COMMAND
TCP/IP
SYSTEMS AFFECTED
Most unices
PROBLEM
Wietse Venema found following. This note is about a subtle data
corruption problem with TCP data streams that may bite people as
more and more (LINUX) systems are sending network traffic with
TCP-level options turned on.
Several Postfix users reported mail delivery failures because
sequences of control characters (for example, ^A^A^H) were being
inserted into their SMTP connections, resulting in SMTP protocol
errors and non-delivery of email. These data corruption problems
are not host specific: they are observed with both Linux and
BSD/OS systems, and with mail sent to and/or received from systems
running Postfix, Sendmail and qmail.
Over the weekend of March 18, 2000, a few people left tcpdump
running on their machines, in order to record some of these
corrupted SMTP sessions. This note is based on an analysis of
that data.
The corruption appears to be caused by a buggy traffic
manipulation scheme that plays games with TCP acknowledgements.
It sounds like a great argument for more deployment of IPSEC,
which is designed to prevent modification or insertion of traffic
in transit; but it also illustrates the conflict that some have
with IPSEC, because it prevents them from doing any traffic
manipulation at all.
See also draft-ietf-pilc-pep-02.txt (performance enhancing
proxies) for a discussion of well-intended TCP traffic
manipulation techniques.
The problem is with "extra" ACK packets that are generated by some
helpful intermediate routers. Under some conditions involving
retransmission and/or packets arriving out of order, such routers
copy a real ACK packet from an end system, turn the copied ACK
around by swapping source and destination etc. fields, and send
it off.
The problem happens when, by mistake, TCP option bytes from the
original ACK packet are sent as DATA bytes in the copied ACK
packet. This corrupts the TCP data stream, because the bogus
data is sent in a packet with correct IP and TCP header
checksums. The fact that the next TCP data will overlay the
bogus data does not prevent the bogus data from being passed up
to the application.
What follows is a fragment of a corrupted SMTP session, one of
several dozen sessions that were recorded at both endpoints of the
connections. The recordings are available via FTP (see pointers
at the end).
The first figure shows an ACK packet sent by the SMTP server. The
figure shows one line of tcpdump output (folded for readability),
followed by an annotated version of the packet. The annotation
identifies 20 bytes of IP header fields, 20 bytes of TCP header
fields, and 12 bytes of TCP header options.

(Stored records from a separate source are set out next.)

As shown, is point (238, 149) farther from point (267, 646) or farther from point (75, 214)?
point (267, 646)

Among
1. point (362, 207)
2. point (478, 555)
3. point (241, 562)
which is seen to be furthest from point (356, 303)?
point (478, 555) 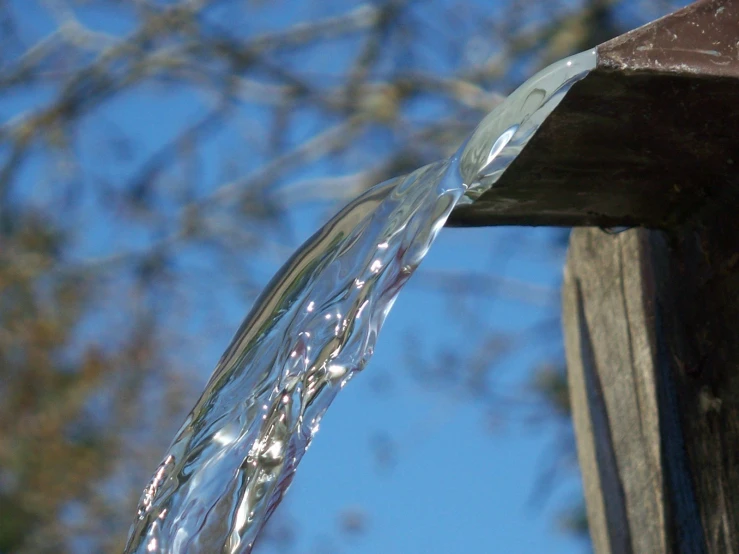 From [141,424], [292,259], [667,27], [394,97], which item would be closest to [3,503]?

12:28:37.051883 195.52.11.4.25 > 194.25.134.80.1730: . ack 86 win
32120 <nop,nop,timestamp 1105397 766737219> (DF)
IP_HDR 45 00 00 34 52 2f 40 00 40 06
vhl tos len len id id off off ttl pro
IP_HDR d1 f2 c3 34 0b 04 c2 19 86 50
sum sum src src src src dst dst dst dst
TCP_HDR 00 19 06 c2 f5 22 60 dd f4 ce
src src dst dst seq seq seq seq ack ack
TCP_HDR fc e1 80 10 7d 78 0d 1a 00 00
ack ack off flg win win sum sum urp urp
TCP_OPT 01 01 08 0a 00 10 dd f5 2d b3
opt opt opt opt opt opt opt opt opt opt
TCP_OPT 7b 43
opt opt
The second figure shows an "extra ACK" packet that was generated
by an intermediate router, not by an end system (it shows up only
in the tcpdump recording of the receiving system). Note that the
"extra ACK" has the same 0x522f IDENT field in the IP header as
the preceding packet. The "extra ACK" has the same 12 bytes of
TCP options as the preceding packet. However, the TCP options are
by mistake sent as data, so they are read by the application as
^A^A^H...
12:28:37.056438 194.25.134.80.1730 > 195.52.11.4.25: . 86:98(12)
ack 112 win 2920 (DF)
IP_HDR 45 00 00 34 52 2f 40 00 3c 06
vhl tos len len id id off off ttl pro
IP_HDR d5 f2 c2 19 86 50 c3 34 0b 04
sum sum src src src src dst dst dst dst
TCP_HDR 06 c2 00 19 f4 ce fc e1 f5 22
src src dst dst seq seq seq seq ack ack
TCP_HDR 60 d5 50 10 0b 68 af 32 00 00
ack ack off flg win win sum sum urp urp
DATA 01 01 08 0a 00 10 dd f5 2d b3
^A ^A ^H ^J ^@ ^P dd f5 - b3
DATA 7b 43
{ C
Note that the ACK with bogus data is sent towards the host that
sent the original ACK with TCP option bytes. Turning off TCP
options would prevent this corruption from happening. However,
turning off TCP options in the local system would solve only half
the problem. When a remote system connects to the local system,
and the remote system has TCP options turned on, the connection
can still suffer from the type of corruption shown above.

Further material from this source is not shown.